The massive parallelism of GPUs provides ample of performance for certain algorithms in scientific computing. At the same time, however, Amdahl's Law imposes limits on possible performance gains from parallelization. Thus, let us look in this blog post on how *few* threads one can launch on GPUs while still getting good performance (here: memory bandwidth).
An often important aspect is the cost of thread synchronization. Compute units in GPUs are arranged in so-called Streaming Multiprocessors (NVIDIA terminology) or Stream Units (AMD terminology), within which threads can be synchronized relatively easily and exchange data through fast, on-chip shared memory. Synchronization across {Streaming Multiprocessors|Stream Units} is usually achieved on the kernel level and is thus fairly expensive.
Performance optimization guides from both AMD and NVIDIA recommend to use 'many' logical threads when programming in OpenCL or the NVIDIA-only CUDA. Suggested values are beyond 10,000 threads overall.
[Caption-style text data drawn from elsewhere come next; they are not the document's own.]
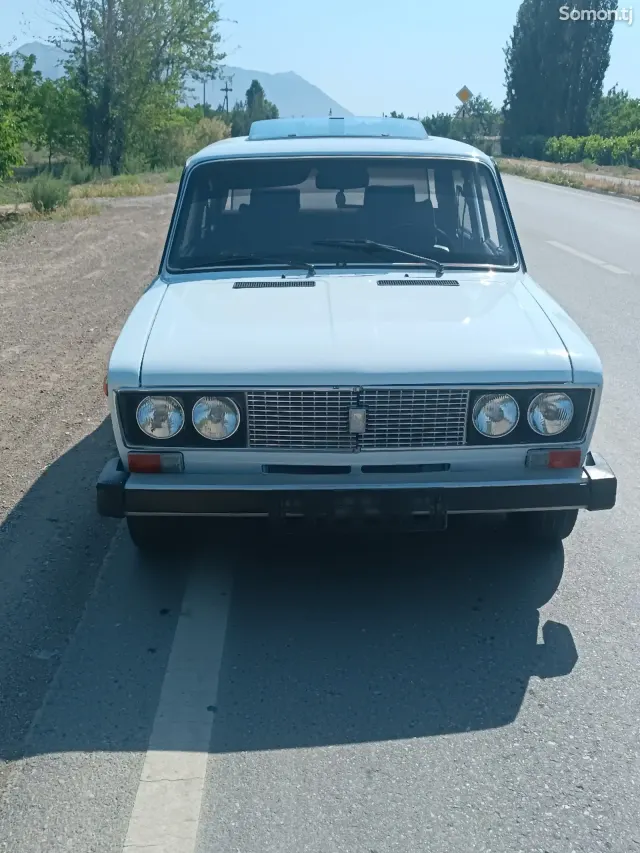 Lada (ВАЗ) 2106 1977 · 0.6 MT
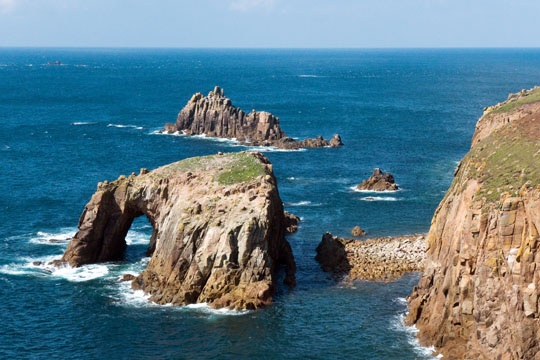 Enys Dodnan Arch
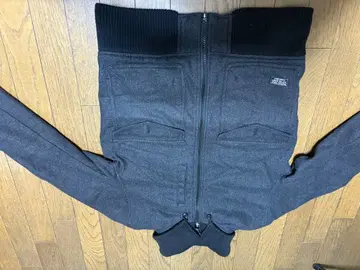 다크 그레이 집업 점퍼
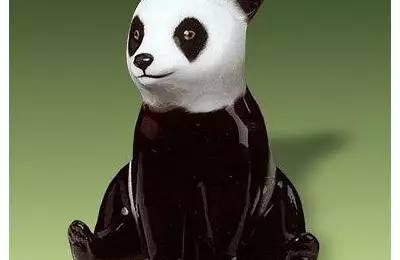 Černobílá porcelánová figura dlouhá 7 cm Panda sedící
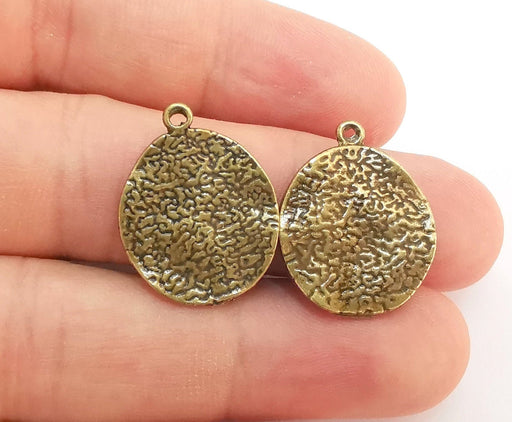 5 Hammered Round Charms Antique Bronze Plated Charms  (24x19mm) G22207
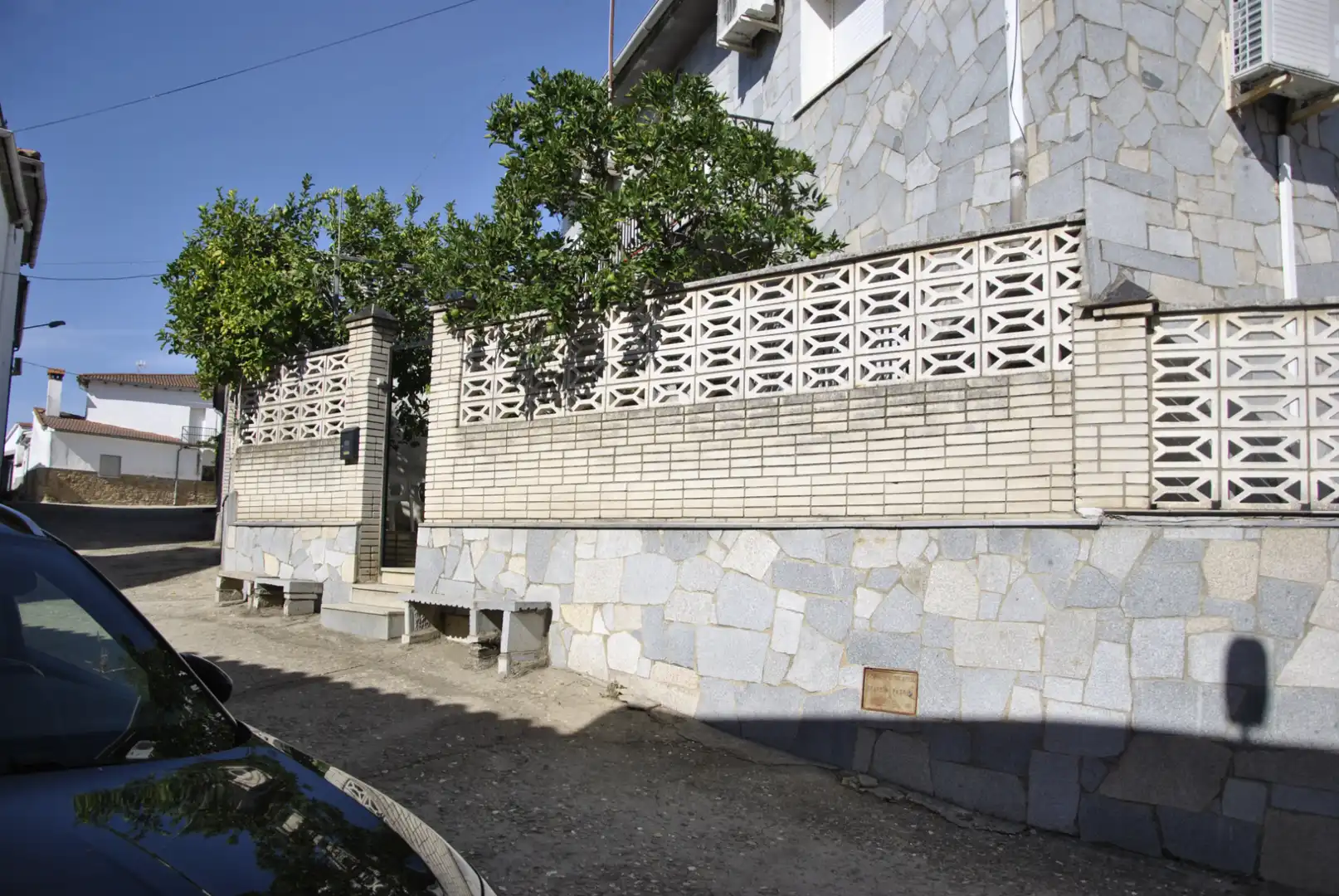 Exterior view of Houses for sale in Pozuelo de Zarzón  with Air Conditioner, Heating and Private garden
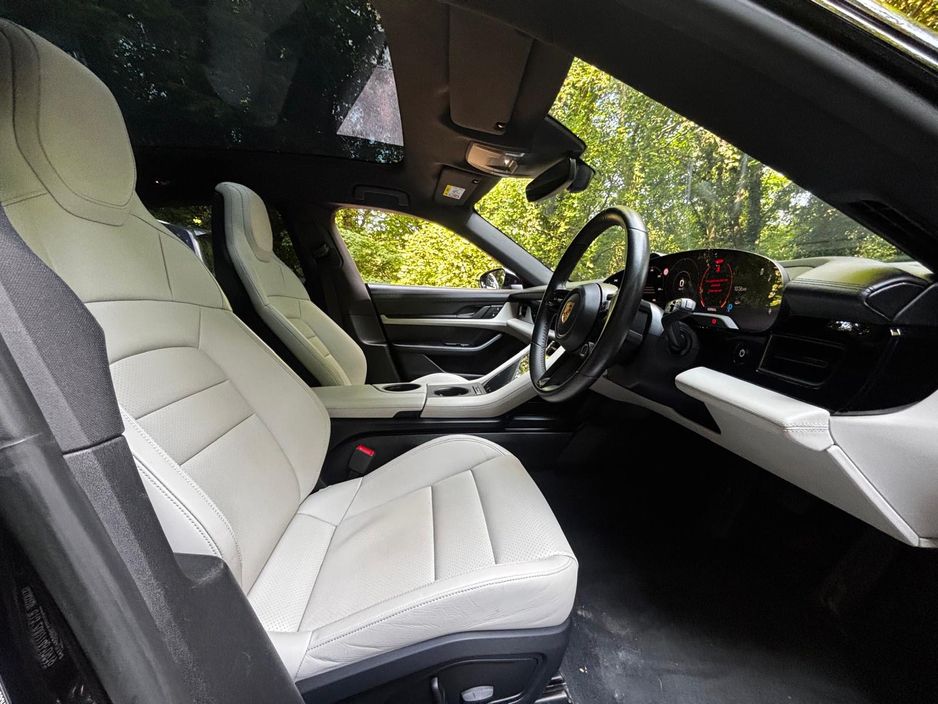 2023 Porsche Taycan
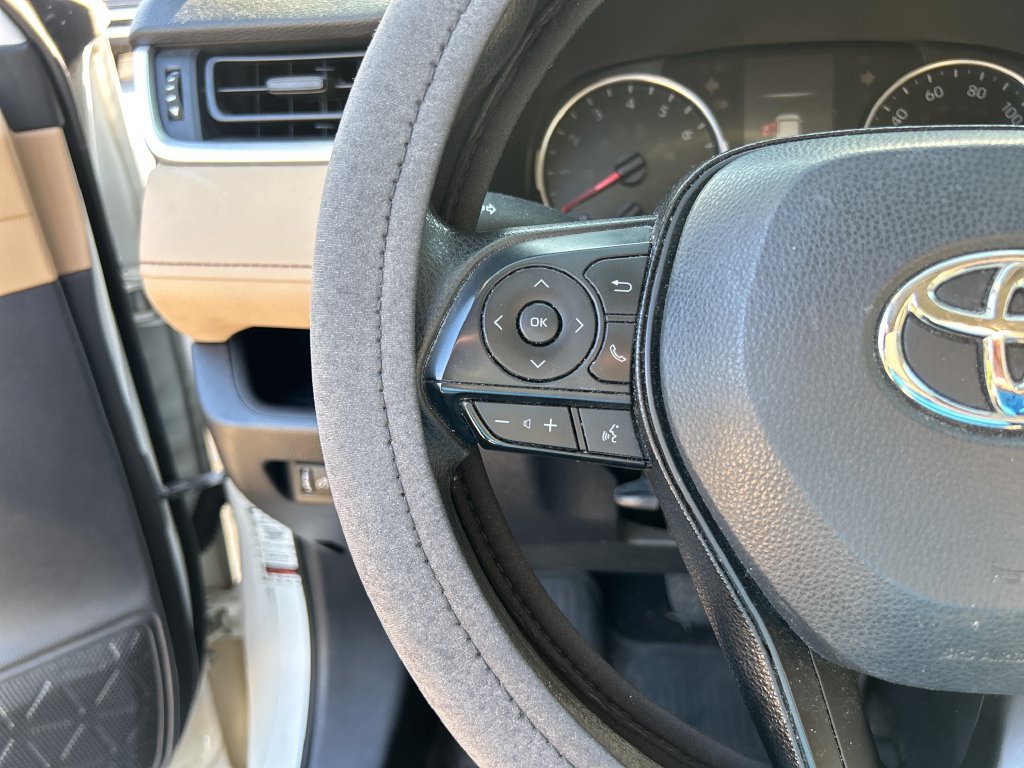 Used 2019 Toyota RAV4 LE FWD image 19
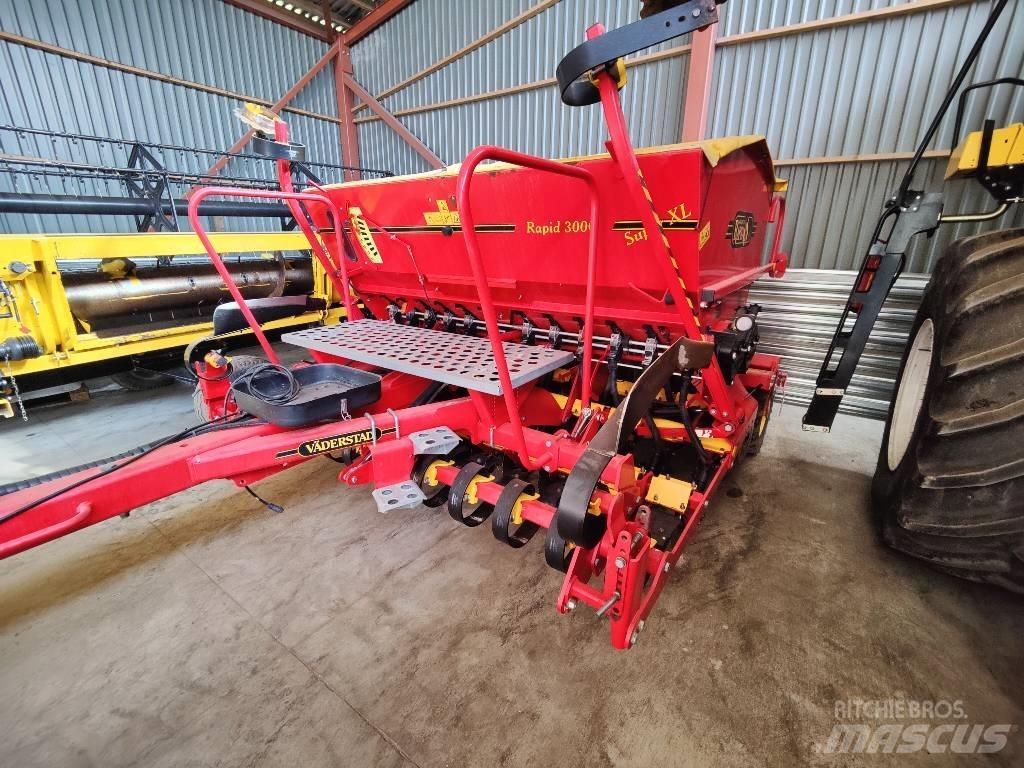 Väderstad Rapid300C 드릴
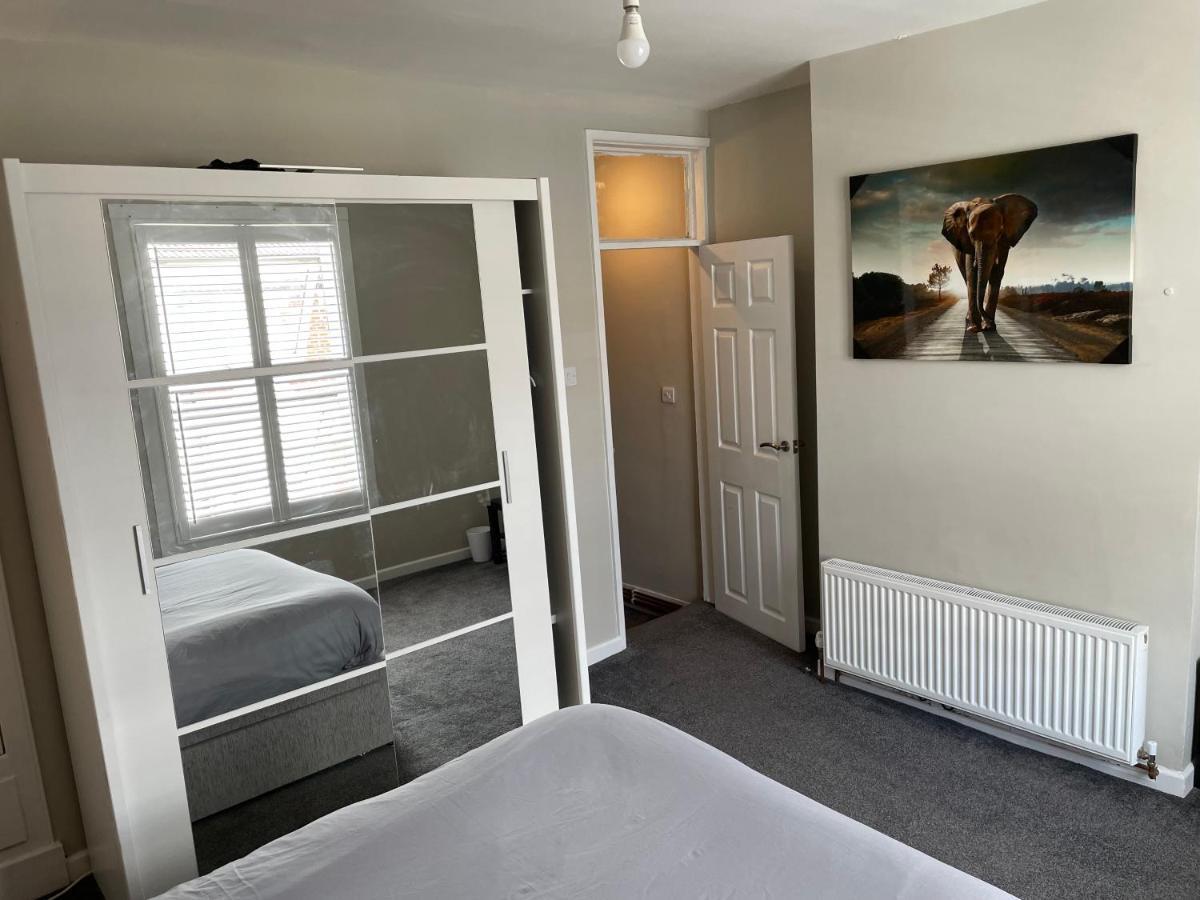 Family Home Copnor Портсмут Екстер'єр фото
On the other hand, each thread block (CUDA terminology) or workgroup (OpenCL terminology) can consist of at most 1024 threads (newer NVIDIA GPUs) or 256 threads (AMD GPUs).
Ideally, I want to have fast synchronization across all threads. With the thread limits per {thread blocks|workgroups} stated above, I cannot run enough threads in a singleĀ {thread blocks|workgroups} to saturate the hardware well. So the next-best compromise is to run as few {thread blocks|workgroups} as possible, for example in the first step of a reduction operation. This was the trigger for writing short benchmarks for the memory bandwidth obtained for vector addition in dependence of the thread configuration. CUDA and OpenCL result in the same performance, but feel free to verify yourself by rerunning the benchmarks.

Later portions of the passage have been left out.